Quelle que soit la langue que vous parlez, les personnes restent des personnes. Des mots comme « mama » et « dada » sont remarquablement similaires dans la majorité des langues, y compris des variantes telles que « tata », « papa » et « nana ». Est-ce qu'il s'agit de la preuve d’une relation historique profonde entre toutes les langues ? Non. Ce que cela démontre, c’est que la bouche de tous les bébés est faite de façon identique. Des sons tels que « ma », « pa », « da », « ta » et « ga » sont les plus faciles à prononcer et c’est pourquoi les bébés les apprennent en premier. Tous les parents aimants s’imaginant que leurs enfants s’adressent à eux personnellement, « mama » et « dada » sont donc devenus des mots de vocabulaire.
Les langues nous montrent que les êtres humains sont tous fondamentalement semblables tout en étant différents, novateurs et uniques, d'une façon très fascinante.
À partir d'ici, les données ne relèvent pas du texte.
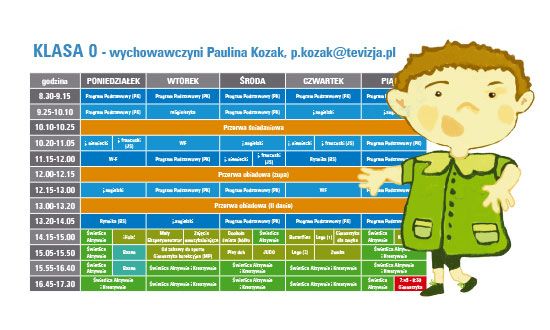 Plan Zajęć - Klasa Startowa - Towarzystwo Edukacyjne Vizja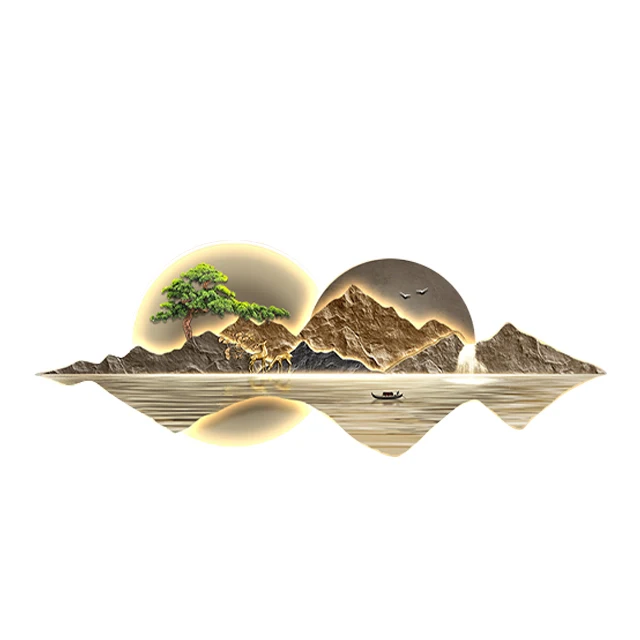 Modern living room decorative painting landscape mural with light diamond painting laser engraving crystal porcelain painting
Elles révèlent non seulement la variété de la culture et de l’expérience humaine, mais nous donne aussi un aperçu unique de ce qu’être humain signifie, ainsi que des limites et des possibilités de notre esprit. Des choses que nous considérerions typiquement humaines – que le passé est derrière nous et l’avenir devant, que 1 est toujours suivi de 2, que le bleu et le vert sont des couleurs différentes – s’avèrent ne pas l’être pour tout le monde ; d’autres langues font les choses différemment. Il existe même des preuves que la langue que l’on parle modifie la structure de notre cerveau.
On estime déjà que 97 des langues humaines ayant existé au cours de l’histoire sont désormais éteintes. Cela représente une perte phénoménale pour la connaissance et la compréhension que nous avons de nous-mêmes en tant qu’êtres humains. Une seule langue qui disparaît est une pièce vitale du puzzle humain perdue à tout jamais.
La cause fondamentale de la mort d’une langue est que les enfants, à un moment, ne parlent plus la langue de leurs parents. Cela peut survenir pour diverses raisons, mais l’un des facteurs clés est le fait que les enfants sont amenés à se sentir honteux de parler la langue de leur famille. Survival fait campagne pour mettre un terme à la « reprogrammation » des enfants autochtones par les pensionnats autochtones dans le monde, là où les langues et les cultures dominantes sont imposées aux enfants autochtones.
De telles écoles ont existé par le passé en Australie, au Canada et aux États-Unis, où elles étaient connues sous le nom de « pensionnats autochtones ». En plus d’accélérer l’extinction de centaines de langues autochtones, le traumatisme infligé aux victimes et aux communautés se répercute sur plusieurs générations et cause encore aujourd’hui une grande souffrance. Une instruction qui s’ancre dans la terre, la langue, le savoir et les croyances de leur communauté est bien plus bénéfique aux enfants autochtones : non seulement leur instruction sera plus solide, mais en plus ils seront fiers d’eux-mêmes et de leur peuple.